* **WHAT IS REQUIRED**
Set down each line of the records once more, precisely, and omit the pictures.

[[ MATERIAL TO PROCESS, beginning ]]

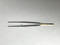 Castro Viejo Straight Tweezer - 18cm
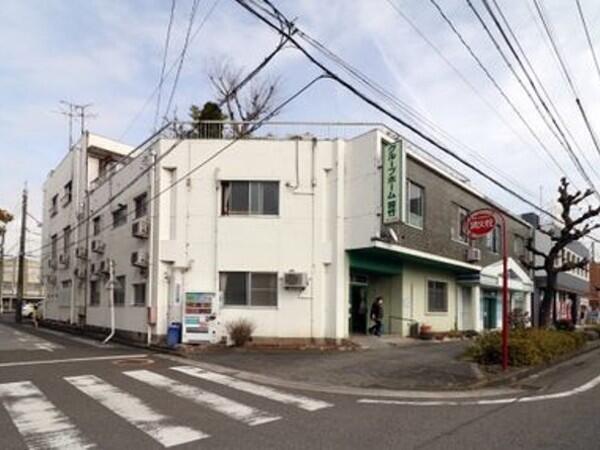 妙興寺駅周辺のその他求人 転職 募集 コメディカルドットコム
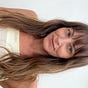 vienda's avatar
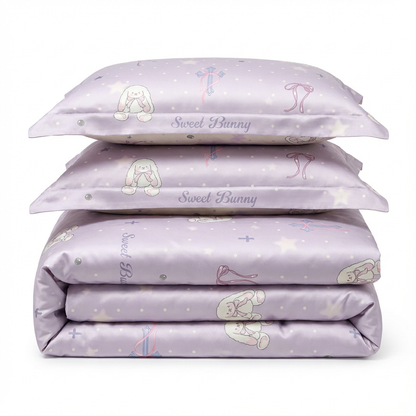 Excellent Drape Tencel Lyocell Solid and Printed Fabric Apparel-Grade Touch Material for Custom Bedding Sheets - Image 3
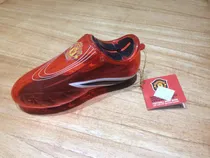 Comprar Manchester United Merchandising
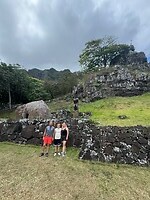 IMG_1047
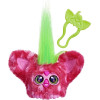 Hasbro Furby - Furblet Foodie Ber Ree (G3368)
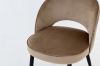 342886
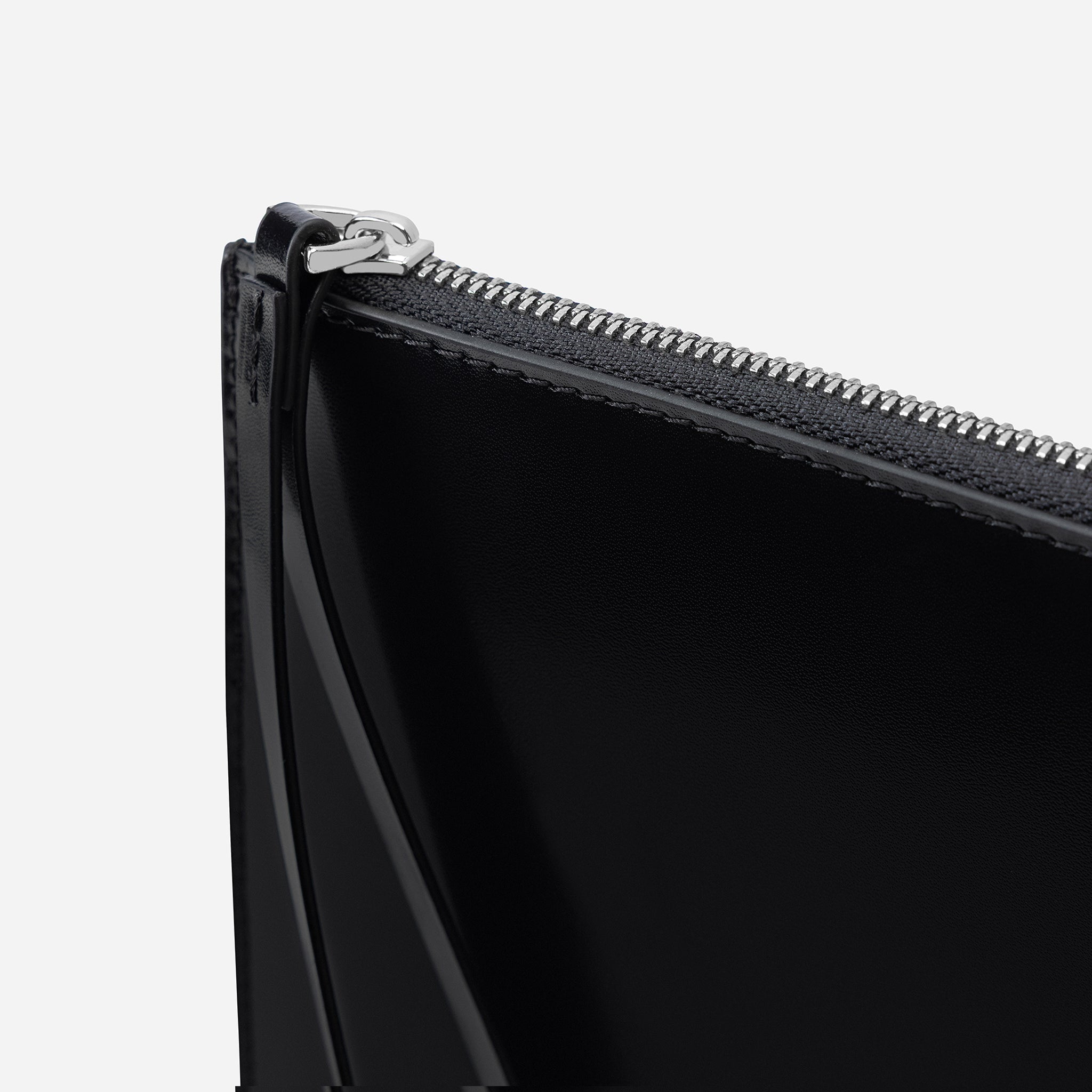Small Clutch Bag - Parte di Me
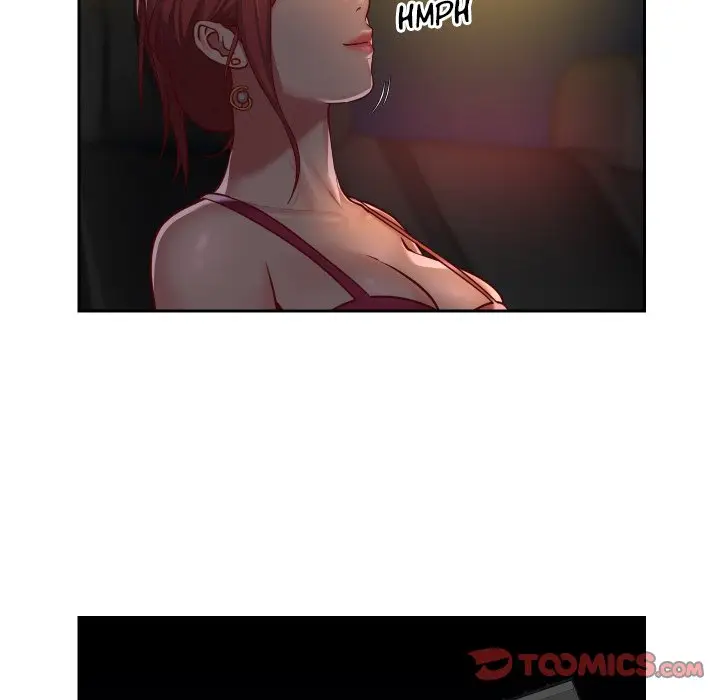 image-komik-love-is-on-the-air-chapter-20-22/23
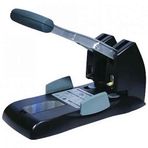 Std P-1500 Ultra Arşiv Tip Kollu Delgeç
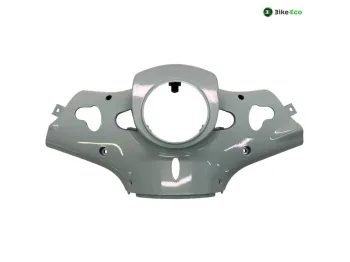 Cache guidon inferieur PIAGGIO VESPA 150 2024-2025 PRIMAVERA E5+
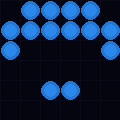188.167.8.158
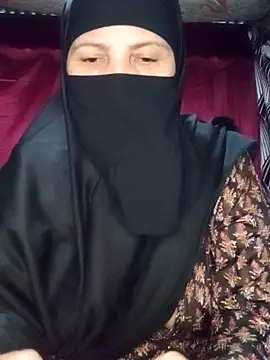 Anaan_Sexy Webcamshow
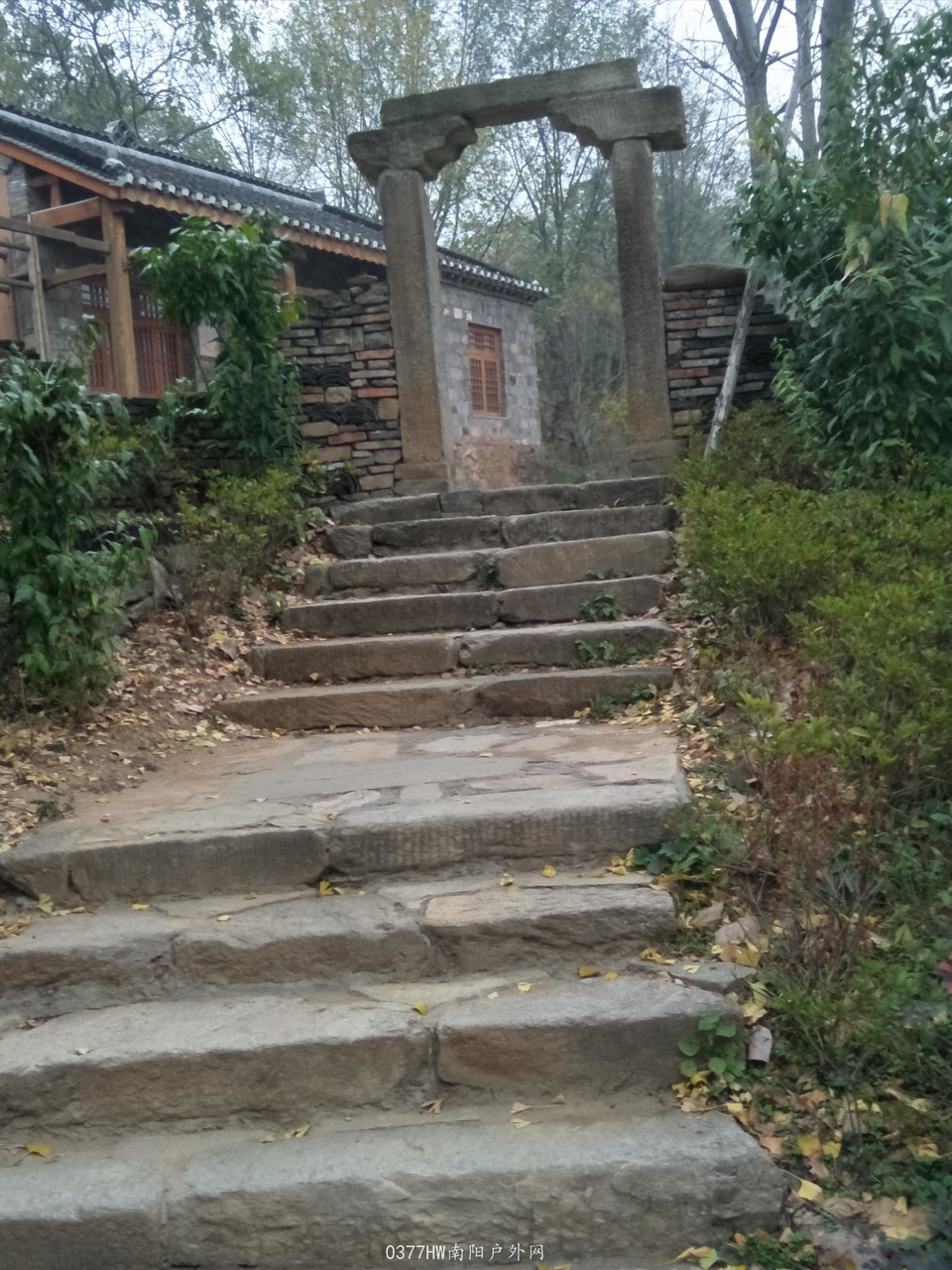 hWLTbFEMDQEo4xsxzTZmvanhUxY7GhnObHQxs8bTMHU_W6dnghQlzCr4xj00QSDR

[[ MATERIAL TO PROCESS, end ]]

* **WRITTEN RESPONSE**
 Castro Viejo Straight Tweezer - 18cm
 妙興寺駅周辺のその他求人 転職 募集 コメディカルドットコム
 vienda's avatar
 Excellent Drape Tencel Lyocell Solid and Printed Fabric Apparel-Grade Touch Material for Custom Bedding Sheets - Image 3
 Comprar Manchester United Merchandising
 IMG_1047
 Hasbro Furby - Furblet Foodie Ber Ree (G3368)
 342886
Small Clutch Bag - Parte di Me
 image-komik-love-is-on-the-air-chapter-20-22/23
 Std P-1500 Ultra Arşiv Tip Kollu Delgeç
 Cache guidon inferieur PIAGGIO VESPA 150 2024-2025 PRIMAVERA E5+
188.167.8.158
 Anaan_Sexy Webcamshow
 hWLTbFEMDQEo4xsxzTZmvanhUxY7GhnObHQxs8bTMHU_W6dnghQlzCr4xj00QSDR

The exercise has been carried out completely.